The code output above shows the top six rows of the data. The full dataset has 88 rows. Remember that there are a total of 44 subjects in the study (22 English and 22 Spanish speakers). There are two rows in the dataset for each of the subjects: one representing data from when they were shown an image with 4 items on it and the other with 16 items on it. Each subject was asked 10 questions for each type of image (with a different layout of items on the image for each question). The variable of interest to us is `redundant_perc`, which gives the percentage of questions the subject used a redundant adjective to identify "the blue triangle". Note that the variable is "percentage", and we are interested in the average percentage. Therefore, we will use methods for means. If the variable had been "success or failure" (e.g., "used redundant or didn’t"), we would have used methods for proportions.

## Your task

You are to attempt the following three analyses:

### 1) Exploratory analysis

**Conduct an exploratory analysis**. Use code to summarize the results of the experiment, which you can report in written, tabular, and/or graphical format.

*Hint:* there should be four statistics, showing the percentage of redundant adjective use by language (English vs. Spanish speakers) and by number of items in image (4 objects vs. 16 objects).

### 2) Sparse vs dense displays

**Address the following question: "Do the data provide convincing evidence of a difference in mean redundant adjective usage percentages between sparse (4 item) and dense (16 item) displays for English speakers?”** Note that the English speaking participants were each evaluated on both the 4 item and the 16 item displays. Therefore, the variable of interest is the difference in redundant percentage.
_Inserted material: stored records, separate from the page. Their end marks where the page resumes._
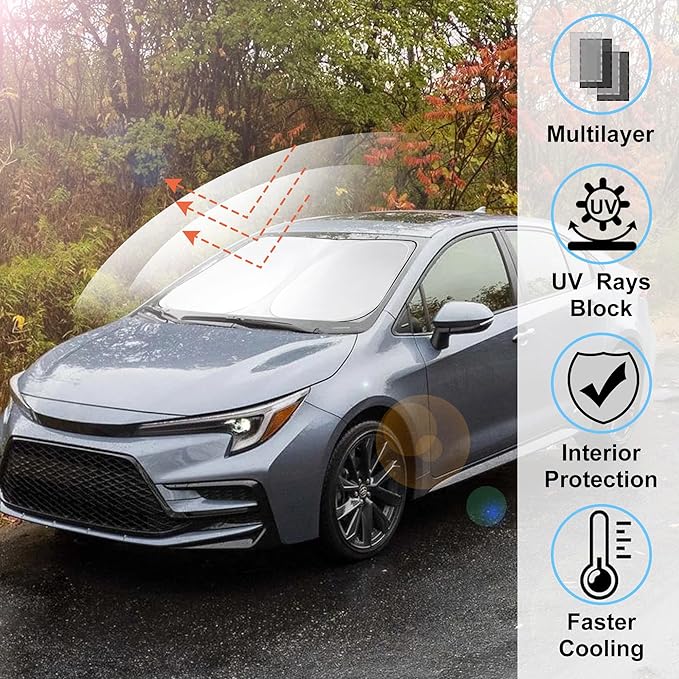 Windshield Sun Shade Fit for 2020-2024 2025 Toyota Corolla Accessories (Not for Corolla Cross) Window Sunshade Protect Car from Sun Rays
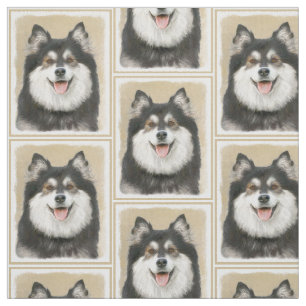 Finnish Lapphund Painting - Cute Original Dog Art Fabric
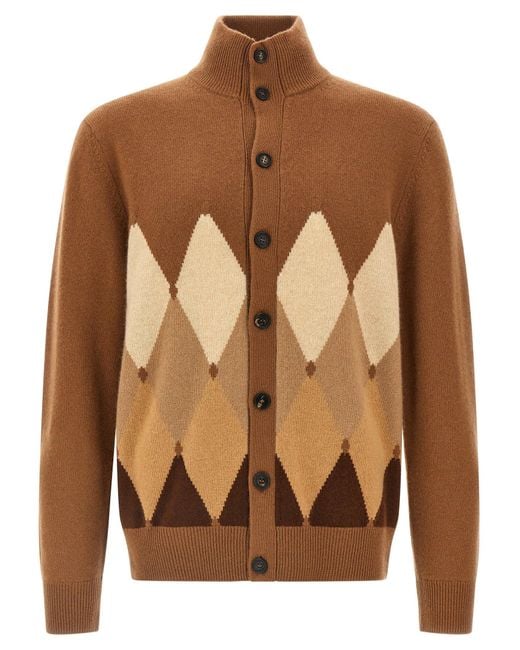 Ballantyne Cardigan Argyle Sweaters And Cardigans Brown for men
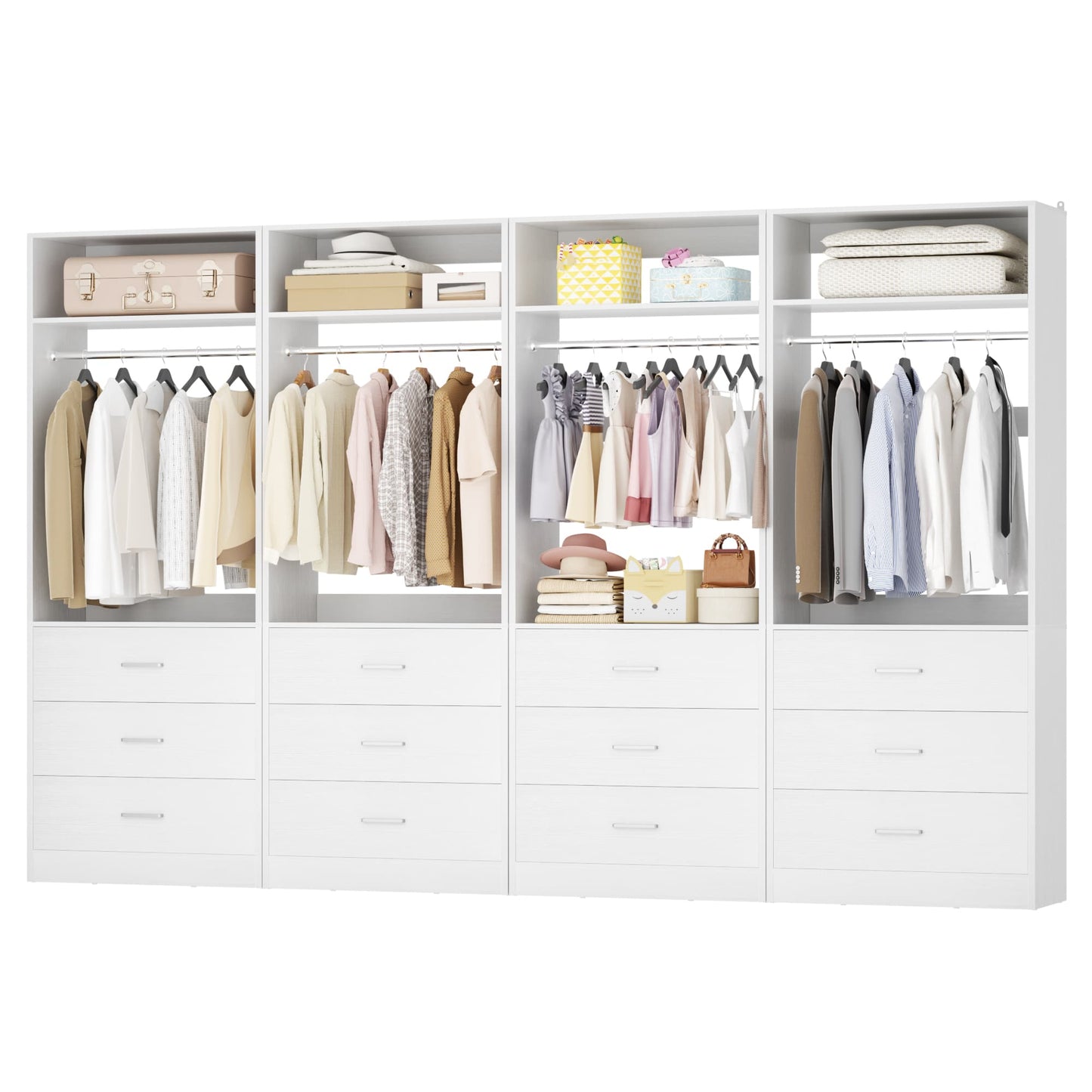 8FT (96 Inch) Closet Organizer System,Set of 4 - 12 Wood Drawers, 4 Hanging Rods & 4 Shelves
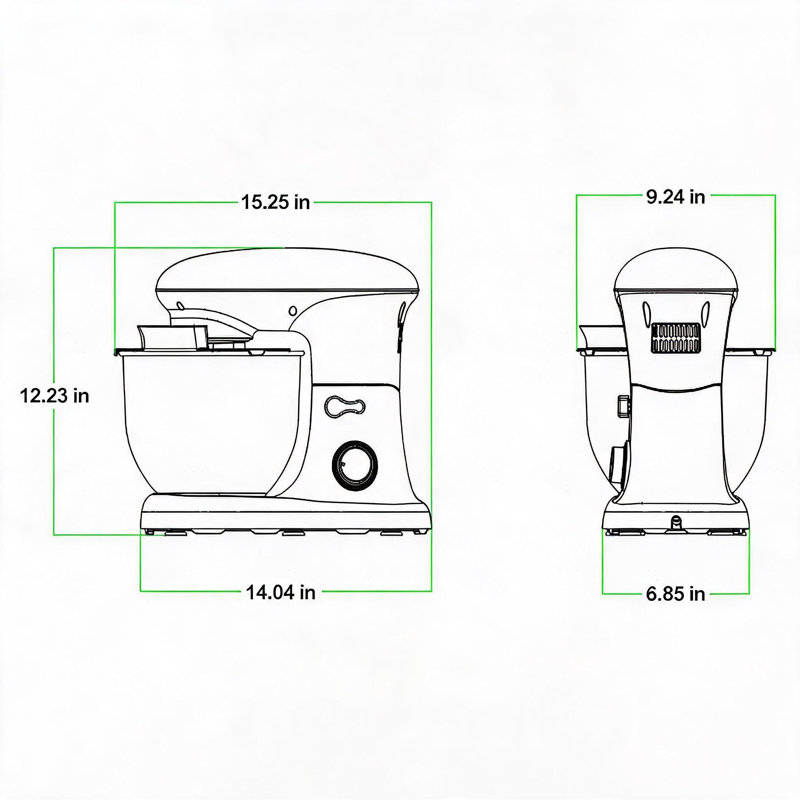 Robot pâtissier à tête inclinable de 5,3 litres (4,8 L), 10 vitesses, 500 W, Argent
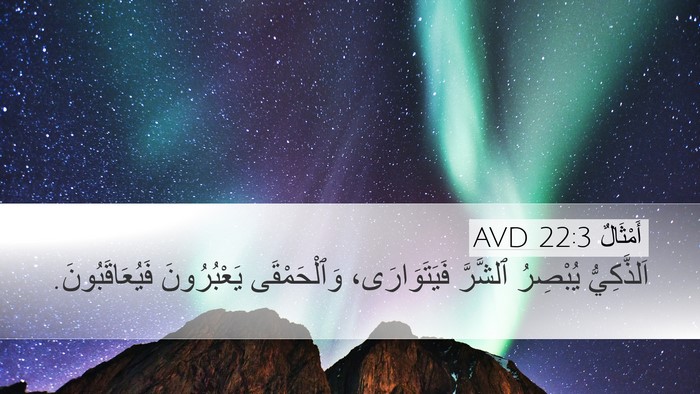 أَمْثَالٌ 22:3 AVD Bible Verse Image
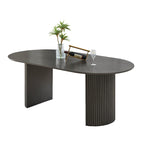 Venezia Oval Gray Oak Dining Table for 6 with Dual Base.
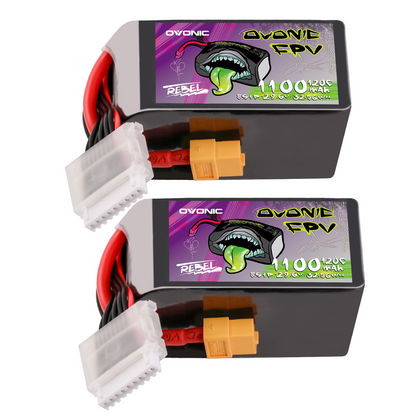 Ovonic Rebel 2.0 8S 1100mAh 120C 29.6V LiPo battery 2-pack with XT60 plug and balance lead
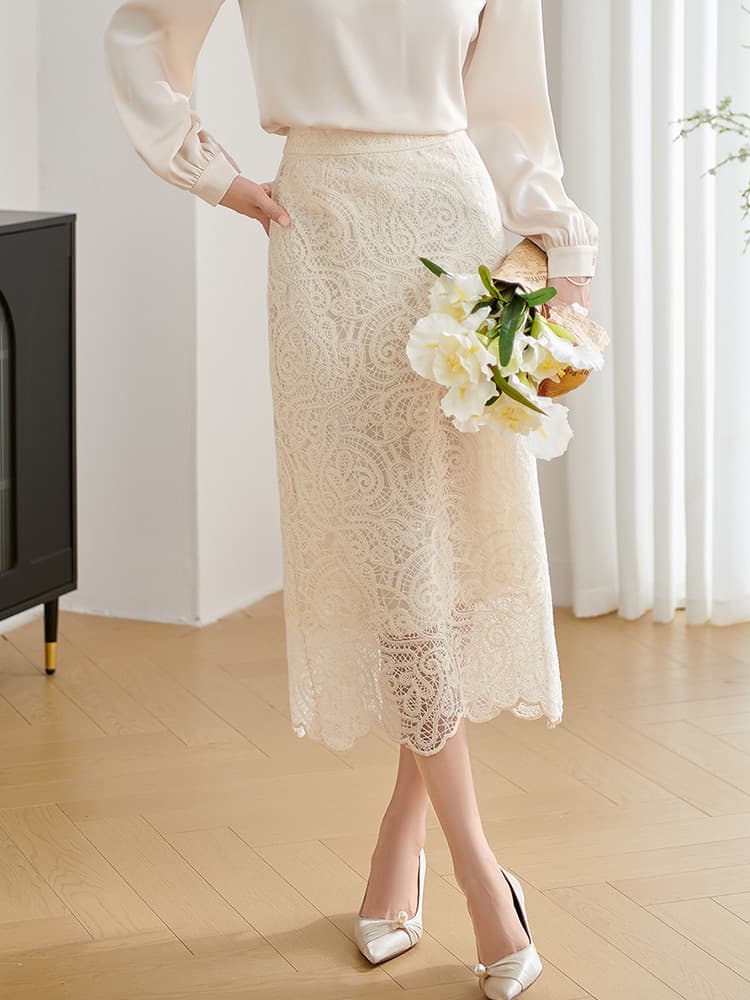 レース 服 上品花模様レースミディスカート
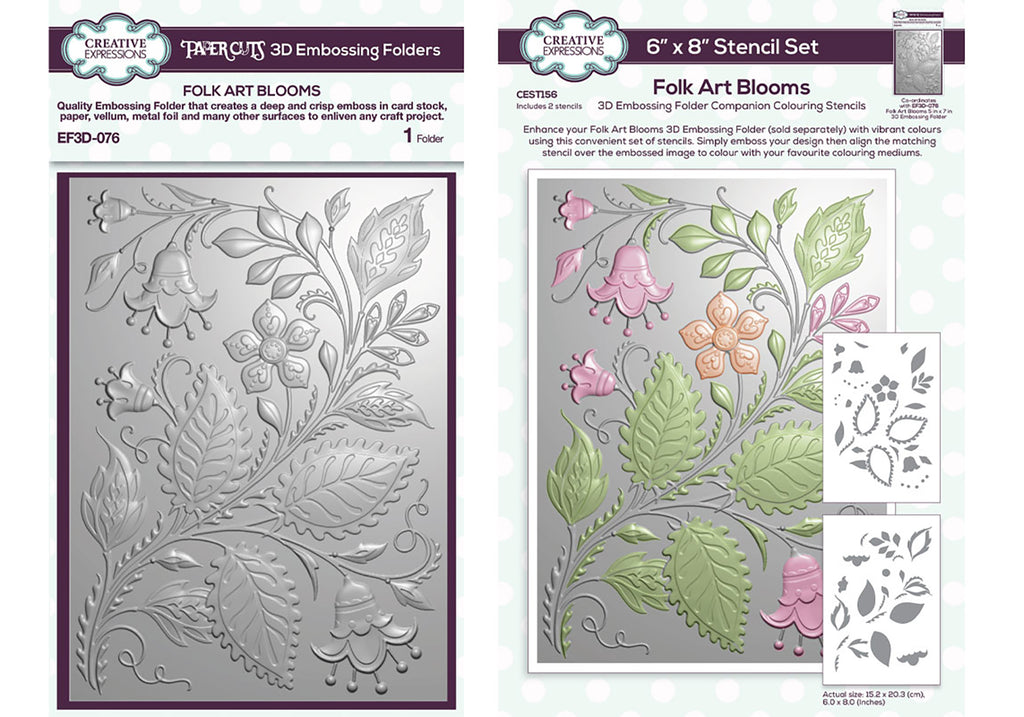 Creative Expressions Folk Art Blooms 3D Embossing Folder and Companion Stencil Bundle
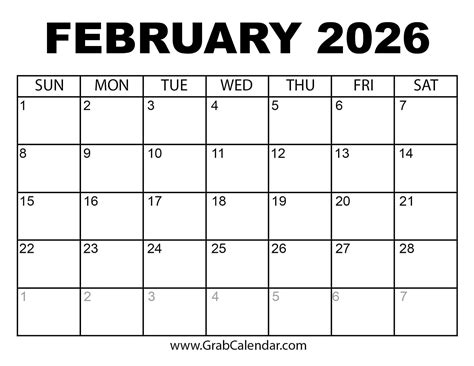 February 2026 Calendar Printable - Free Printable Templates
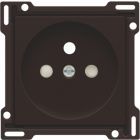 Niko - Centraalplaat stopcontact + penaarde + kinderveiligheid 28,5MM dark brown - 124-66601
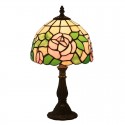 8 Inch European Stained Glass Rose Style Table Lamp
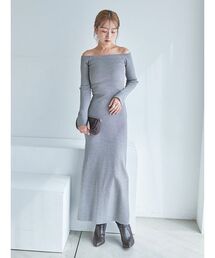 SNIDEL | オフショルIラインニットワンピース(ワンピース)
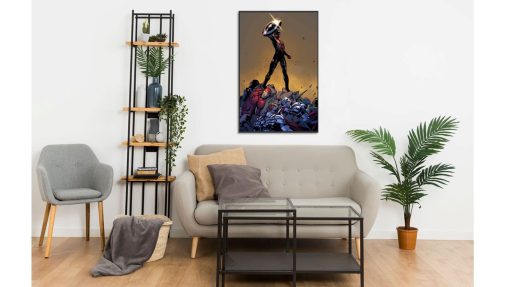 Revamp your decor with this stunning handmade oil painting on canvas, showcasing Spider-Man standing defiantly atop the menacing Death Avengers, wielding the revered Captain America shield. With intricate detailing and vibrant colors, this artwork captures the intense battle between hero and adversary. Ideal for Marvel enthusiasts and art aficionados, this piece adds a dramatic and dynamic atmosphere to any room. Immerse yourself in the epic showdown of champions with this captivating portrayal, sure to captivate viewers and inspire admiration.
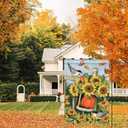 2 x Fall Garden Flags 12x18 Double Sided Outside, Pumpkins Sunflower Autumn Yard Outdoor Flag
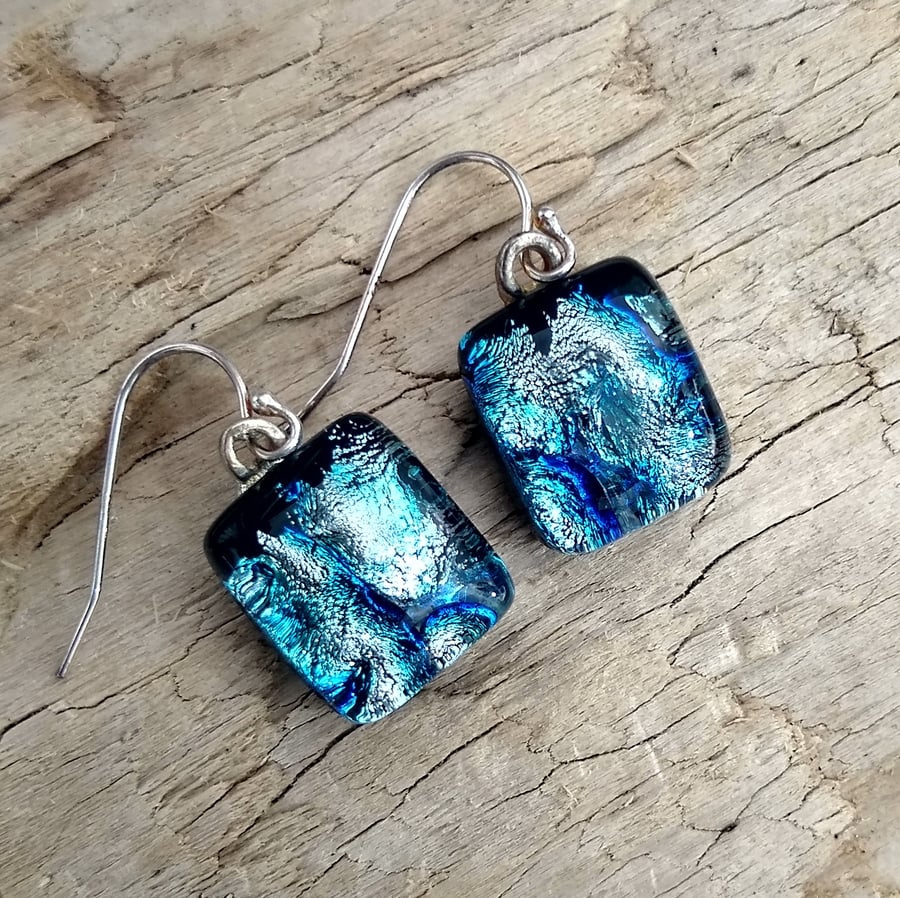 Silver Ripple fused glass earrings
Code has been provided below that calculates the difference in redundant percentage.

*Hint:* the [permutation pairs](https://lisds.github.io/textbook/permutation/permutation_pairs.html) code might help with the rest of the question...as this is paired data.

In [3]:
# filter for English speakers
df_english = df[df["language"] == "English"]
# pivot to create wide format dataframe
df_english_wide = df_english.pivot(index = "subject", columns = "items", values = "redundant_perc")
# create new variable diff_redundant_perc
df_english_wide["diff_redundant_perc"] = (df_english_wide[16] - df_english_wide[4])
# inspect new dataframe
df_english_wide.head(6)

items,4,16,diff_redundant_perc
subject,Unnamed: 1_level_1,Unnamed: 2_level_1,Unnamed: 3_level_1
1,100,100,0
2,0,0,0
3,100,100,0
4,10,80,70
5,0,90,90
6,0,70,70


### 3) English vs Spanish speakers

**Address the following question: "How does redundant adjective usage differ between English speakers and Spanish speakers?"** The English speakers are independent from the Spanish speakers, but since the same subjects were shown the two types of displays, we can't combine data from the two display types (4 objects and 16 objects) together while maintaining independence of observations. Therefore, to answer questions about language differences, we will need to conduct two hypothesis tests, one for sparse displays and the other for dense displays.
   
*Hint:* the [population and permutation](https://lisds.github.io/textbook/permutation/population_permutation.html) page, and the subsequent two pages, might help with this question...

*Hint Hint:* you do not need to manipulate the dataframe as in question 2, but you might need to filter for the two display types.